> EXERCISE OBJECTIVE
Exactly as written, transcribe the data from its opening line through the line containing "download - qu520". Leave every picture out.
═══ PROVIDED ENTRIES
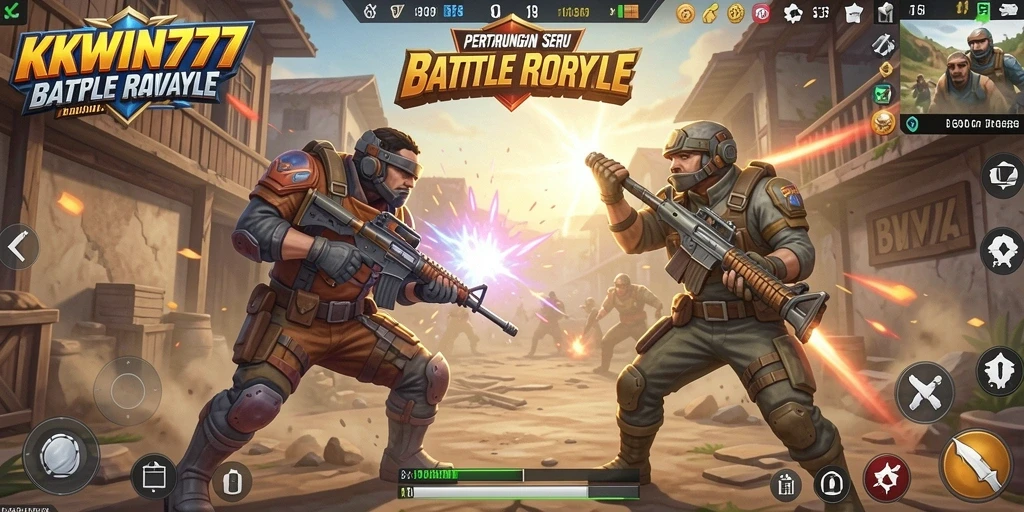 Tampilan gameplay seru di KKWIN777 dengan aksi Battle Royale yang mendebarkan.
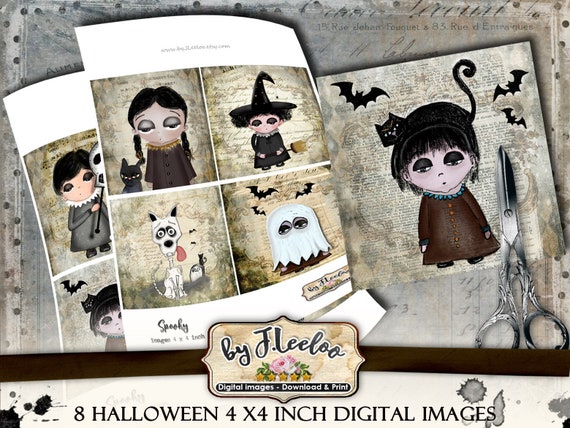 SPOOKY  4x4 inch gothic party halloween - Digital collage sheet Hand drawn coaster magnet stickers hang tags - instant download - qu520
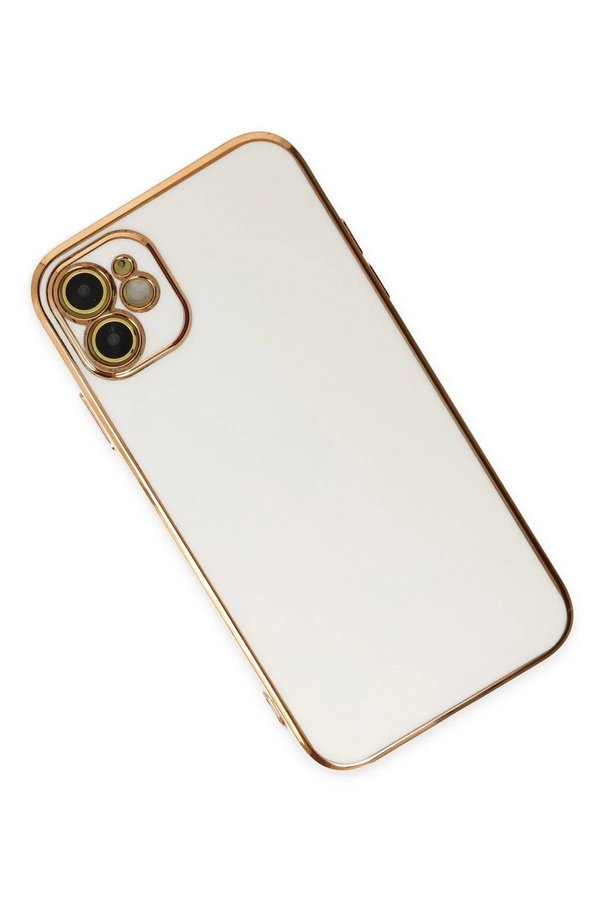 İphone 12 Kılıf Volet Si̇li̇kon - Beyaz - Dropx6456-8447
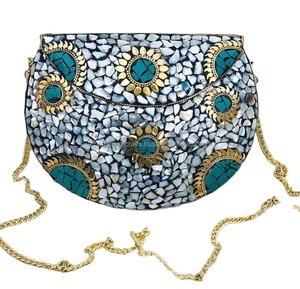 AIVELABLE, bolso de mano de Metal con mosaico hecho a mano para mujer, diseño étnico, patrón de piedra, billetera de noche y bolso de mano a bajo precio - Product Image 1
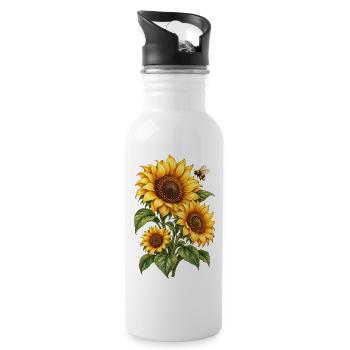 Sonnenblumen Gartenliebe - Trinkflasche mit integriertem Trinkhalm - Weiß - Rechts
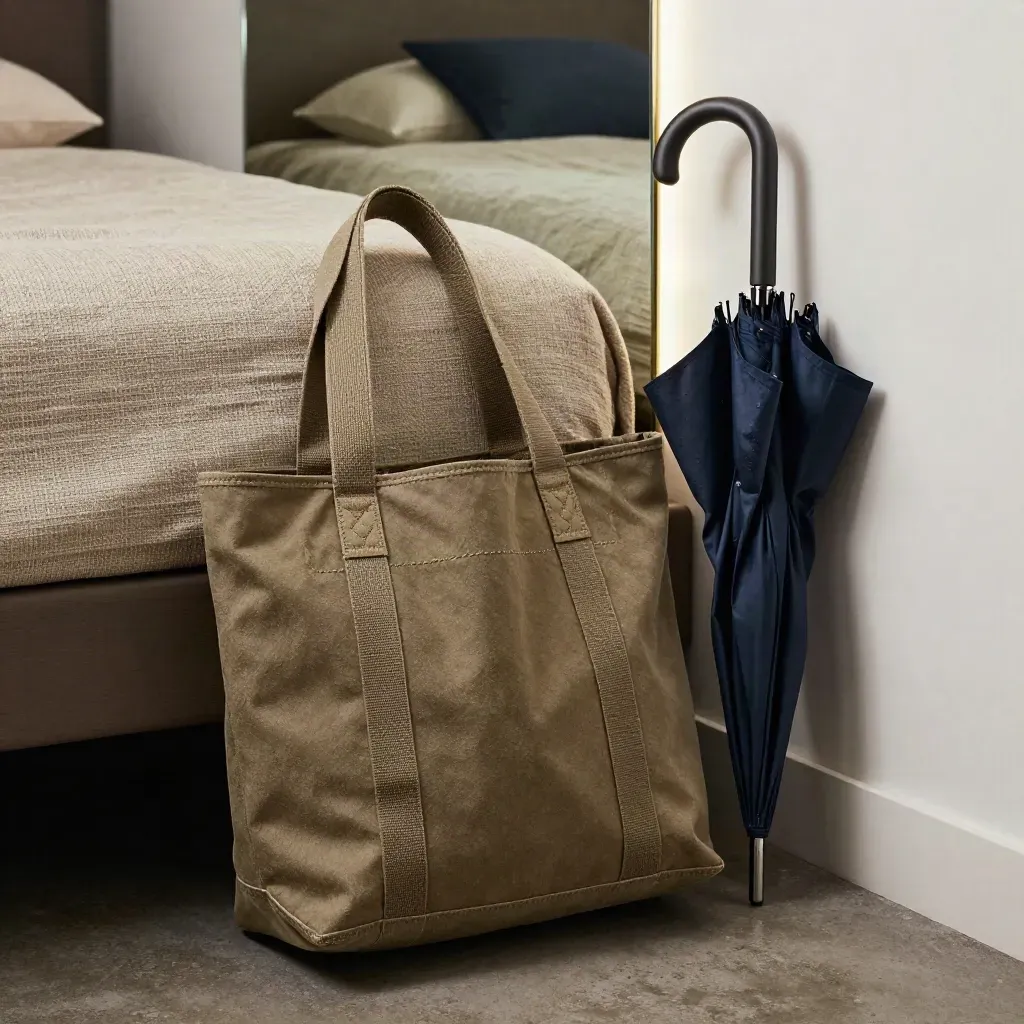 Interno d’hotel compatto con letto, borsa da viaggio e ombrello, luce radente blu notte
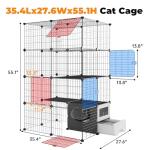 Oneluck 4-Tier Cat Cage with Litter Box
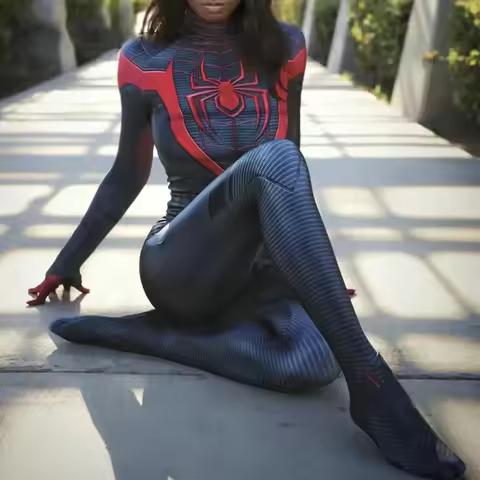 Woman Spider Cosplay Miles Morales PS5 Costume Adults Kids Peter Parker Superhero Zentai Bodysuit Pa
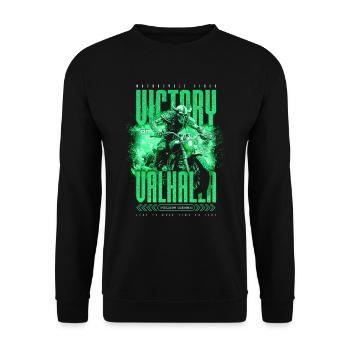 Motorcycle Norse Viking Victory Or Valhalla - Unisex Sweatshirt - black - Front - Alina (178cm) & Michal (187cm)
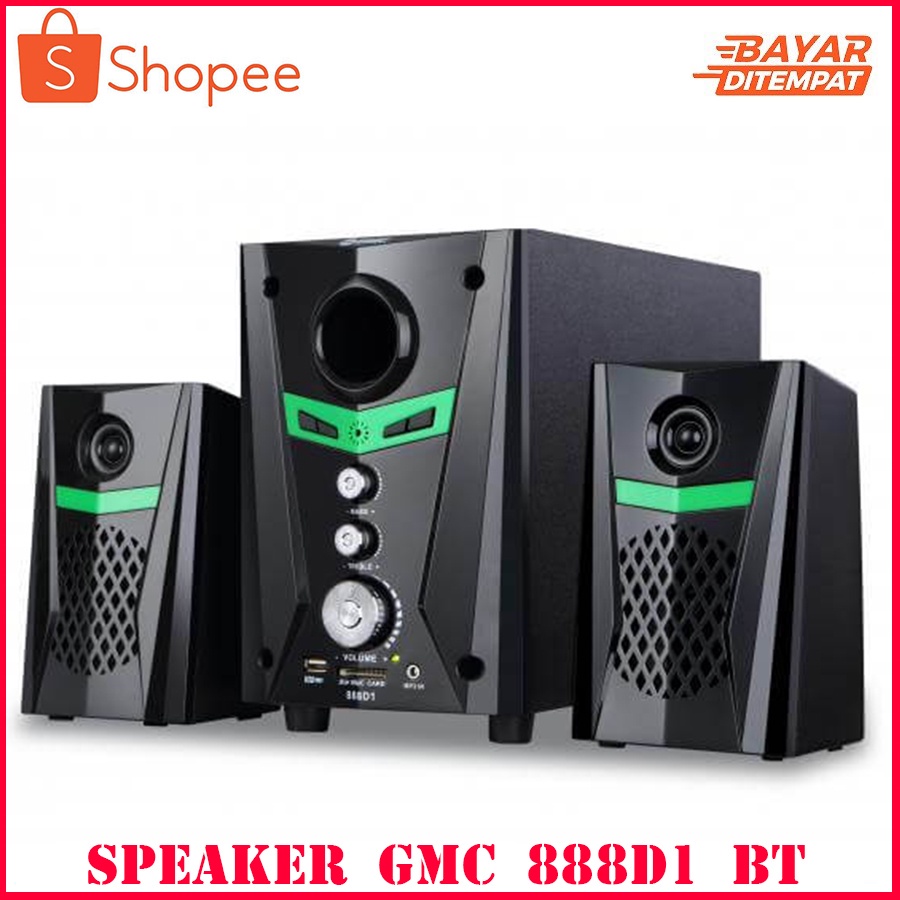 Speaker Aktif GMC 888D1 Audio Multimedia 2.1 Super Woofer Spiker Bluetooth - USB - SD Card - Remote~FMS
══════
> OUTPUT BELOW
 Tampilan gameplay seru di KKWIN777 dengan aksi Battle Royale yang mendebarkan.
 SPOOKY  4x4 inch gothic party halloween - Digital collage sheet Hand drawn coaster magnet stickers hang tags - instant download - qu520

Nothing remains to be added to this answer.